One of the older respected indicators of state power is the Composite Indicator of National Capability (CINC)1, which was created in 1963 and measures hard power, i.e. military (along with demographic and economic potential). It was created under the leadership of US political scientist David Singer as part of the Correlates of War project, which was to collect as much data as possible about phenomena associated with war. This indicator’s data sets up to 2007 are publicly available2. The advantage of this indicator is certainly the massive available data, with some part reaching back to the early 19th century3. The focus on hard power without including soft power components should be seen as a disadvantage. Poland holds the 29th place in the CINC rating from 2007, Russia 5th place and Germany 7th.

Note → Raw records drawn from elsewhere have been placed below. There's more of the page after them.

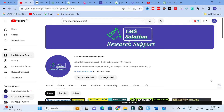Hello friends, welcome to LMS Solution Research Support. After the evolution in AI tools, coding has been made easier. Today we are going to discuss a tool which is used to generate codes — it shows code along with the paper itself. You can check topics, download codes, and download the research paper as well. This will be a better solution for those struggling with coding.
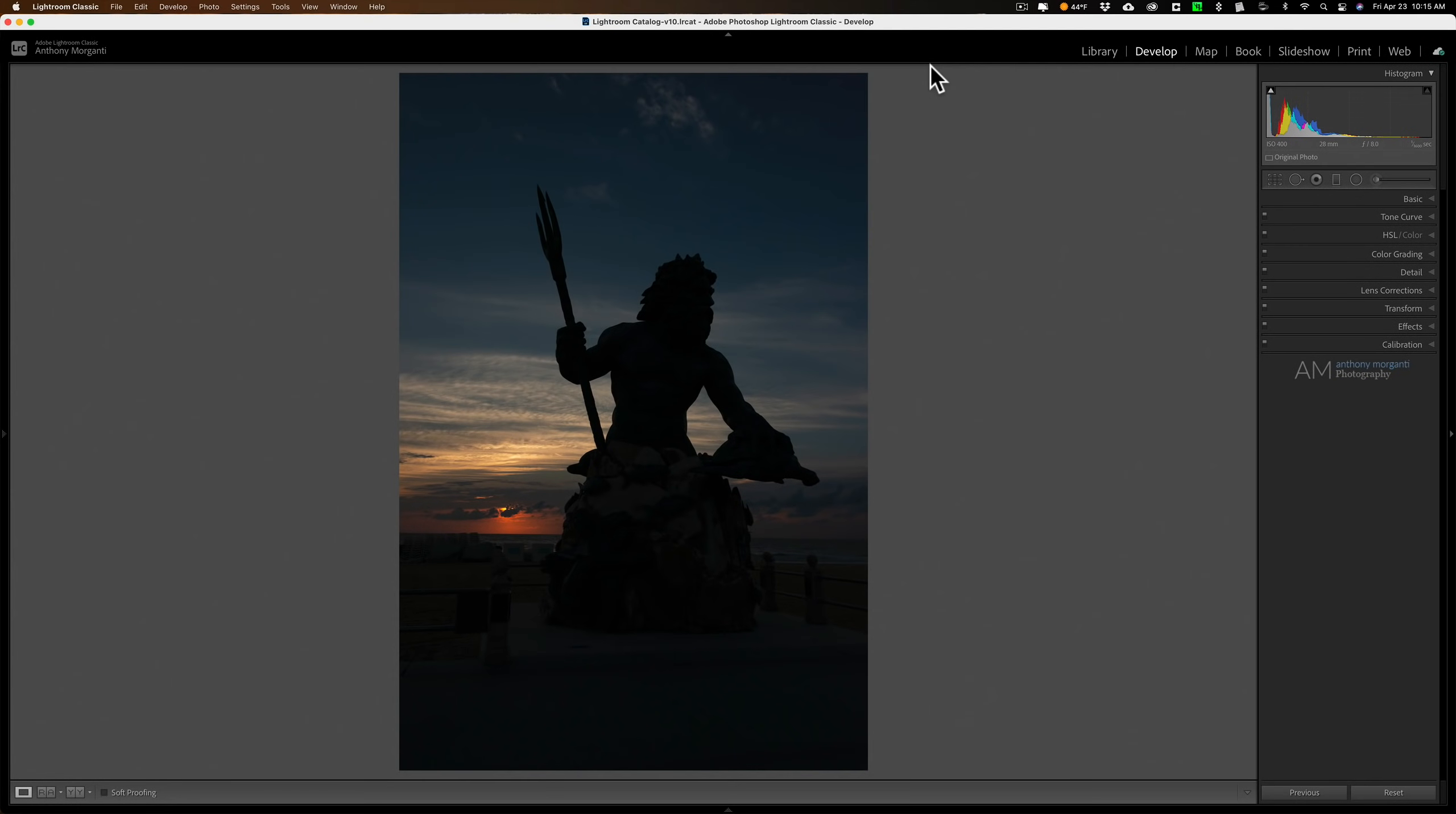Hey guys, this is Anthony Morganti. I am MrPhotographer.com. Today I'm going to demonstrate how I go about processing an image that is heavily backlit.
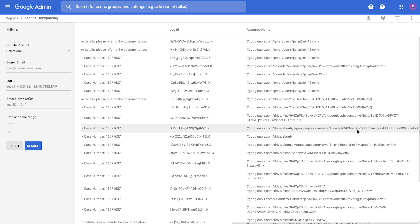If you'd like to find out which exact resource was accessed, you can use this resource name in the security investigation tool, which is a part of the G Suite Security Center.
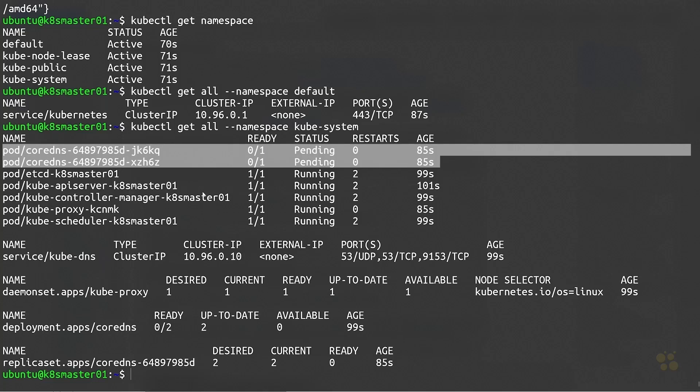So we'll go ahead and install the CNI in the next video. I hope this has been informative for you, and I'd like to thank you for viewing.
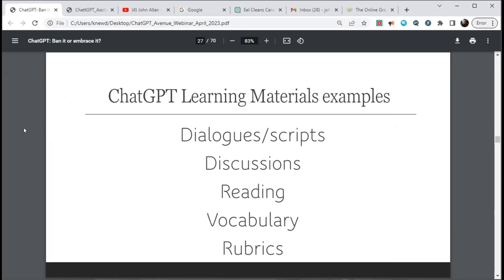I'll pause right here. If you'd like to ask a question, raise your hand. We're going to go into prompts for five different targets: dialogues, discussions, reading, vocabulary, and rubrics.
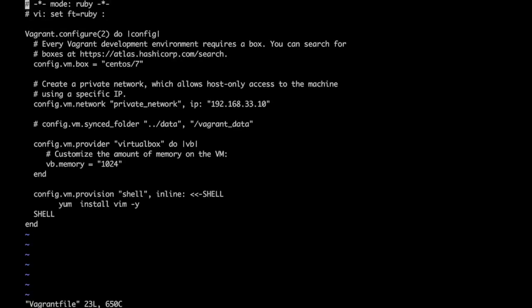Vagrant uses a Vagrant file to do the automation. In the Vagrant file we can have different configurations which would allow us to boot different VMs according to our requirement.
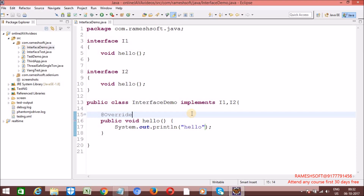A class can extend only one class at a time — single level inheritance is allowed, but multi-level multiple inheritance is not possible. A class can implement any number of interfaces, no problem at all. A class can extend and then implement any number of interfaces.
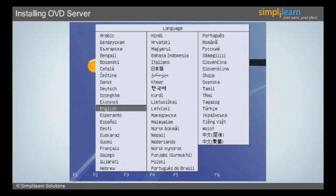As we have discussed earlier, once the ISO image file is downloaded from www.ultio.com, the user should create a CD since it is a requirement for the installation process. The user must insert the CD in the CD drive of the server.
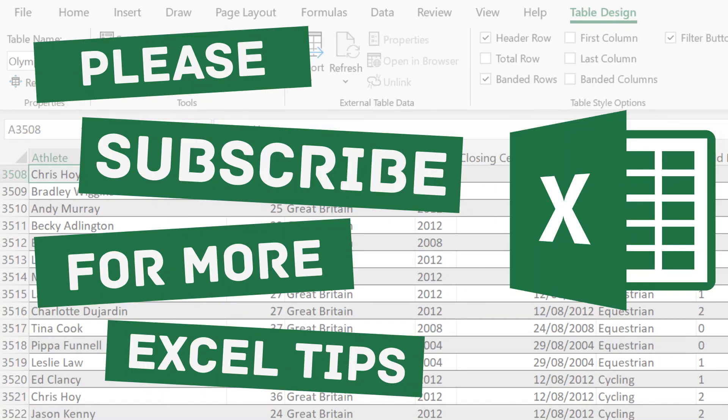I hope you found this guide to inserting images into your spreadsheets useful. Please like and subscribe to my channel for more Excel tips. Thanks for watching.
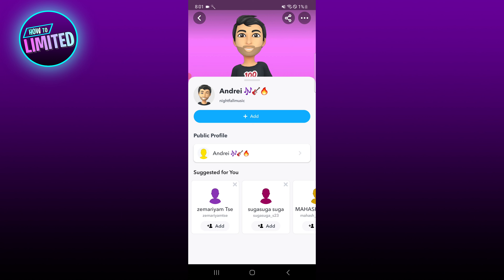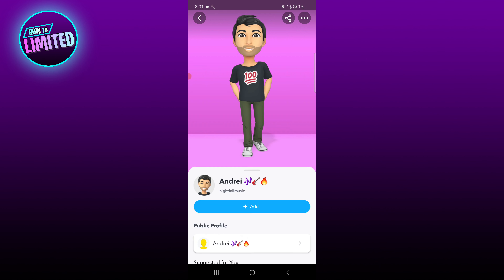Another thing you can do is memorize the username, for example 'nightfall music'. If you get a friend to message you that username, you can tap on it to add them, and it'll show up as added by mention instead of added by search.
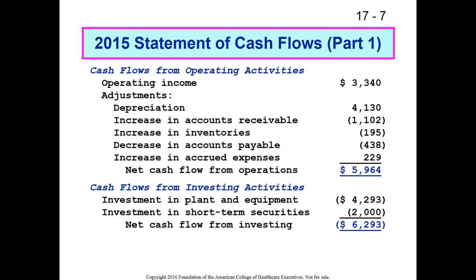You start with operating income. Non-operating income is left off here because it often results from investing or financing activities, which come next. We increase our cash by the amount charged for depreciation under operating activities. The reason is that depreciation is not a cash expense — it's put into the income statement to properly charge the organization for the resources it uses in a given period and to account for long-lived assets like buildings.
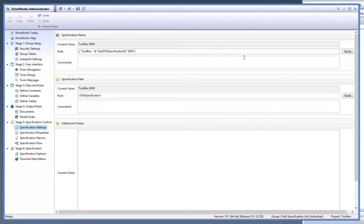DriveWorks has a built-in variable known as special variables that can be used in rules. The special variables are found in the rules builder from the quick text dropdown.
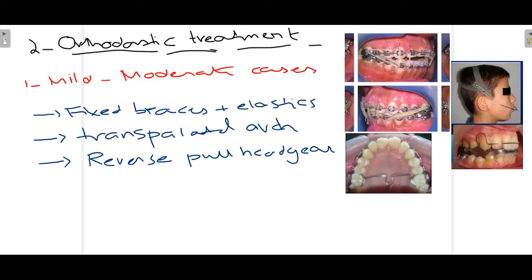The second part of treatment is orthodontic treatment, which is mainly indicated for mild to moderate cases. Fixed braces can be used to correct malocclusion and abnormal tooth positions, combined with elastics. As seen in this picture, elastics are used to extrude the upper and lower incisors — pulling the upper teeth down and the lower teeth up — thereby correcting or at least reducing the OpenBite.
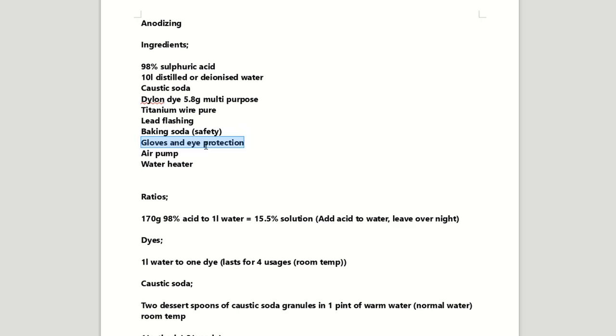Later on I did find that I had splashed myself on my forearm and didn't think nothing of it at the time. A bit later on I felt a burning pain. Now this was at 15% sulfuric acid. If it was any higher, 98% sulfuric acid, I definitely would have felt it and I probably would have had to go to A and E.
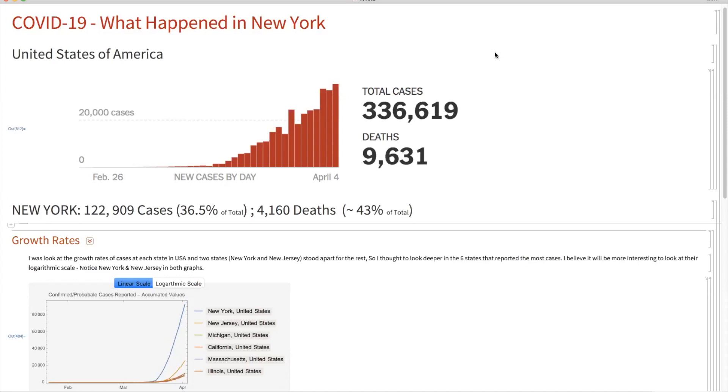If you look at the screen at this moment, there are almost 336,000 cases reported in USA, and out of them, more than 36%, 122,000 cases, have been reported in New York with more than 4,000 deaths, which made approximately 43% of the total deaths as of now.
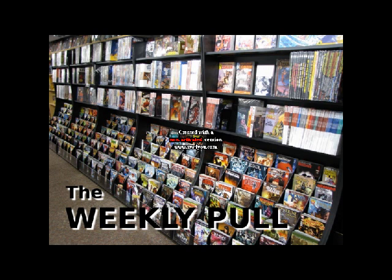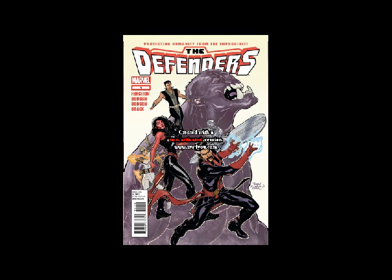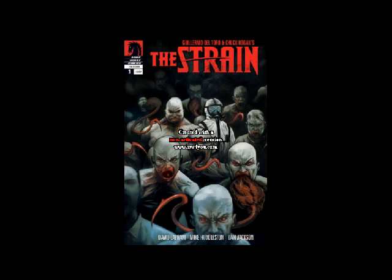I call it the Weekly Poll. So far, I've posted my first impressions of The Defenders No. 1 and The Strain No. 1. Links in the description.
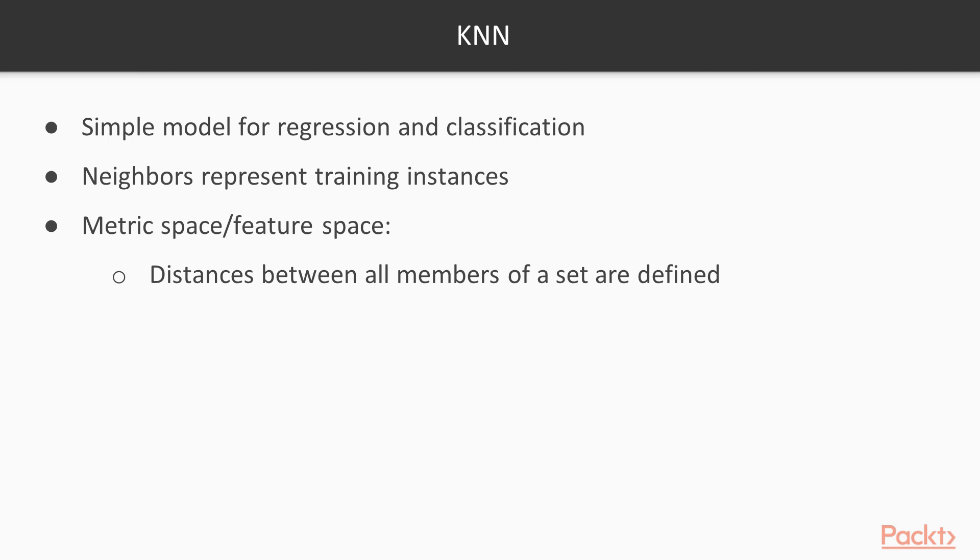Let's start with K-N-N models. K-N-N is a simple model for regression and classification tasks. It's so simple that its name describes most of its learning algorithm. Its titular neighbours are representations of training instances in a metric space. A metric space is a feature space in which distances between all members of a set are defined.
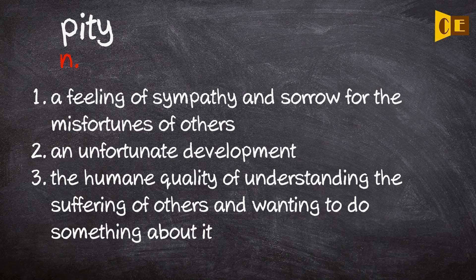Noun 1. A feeling of sympathy and sorrow for the misfortunes of others.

The Global Firepower Index, published since 2012, measures the military sphere even more precisely. In 2016, Poland held a high 18th place among the 126 countries measured (Russia—2nd place, Germany—9th)4. This indicator rates countries based on its conventional military force (excluding nuclear arms) in the air, sea and land, also considering factors related to the military, such as natural resources, logistics, financial capacity and geographic conditions.

There are also military indicators prepared by think tanks, such as the ranking of military spending prepared by the Stockholm International Peace Research Institute5, or Global Militarization Index, which has been created since 1990 by the Bonn International Center for Conversion, measuring a nation’s degree of militarisation (in 2015, in this ranking Poland placed 68/152)6.

World military expenditure, 1988-2016 (constant 2015 US$ billion)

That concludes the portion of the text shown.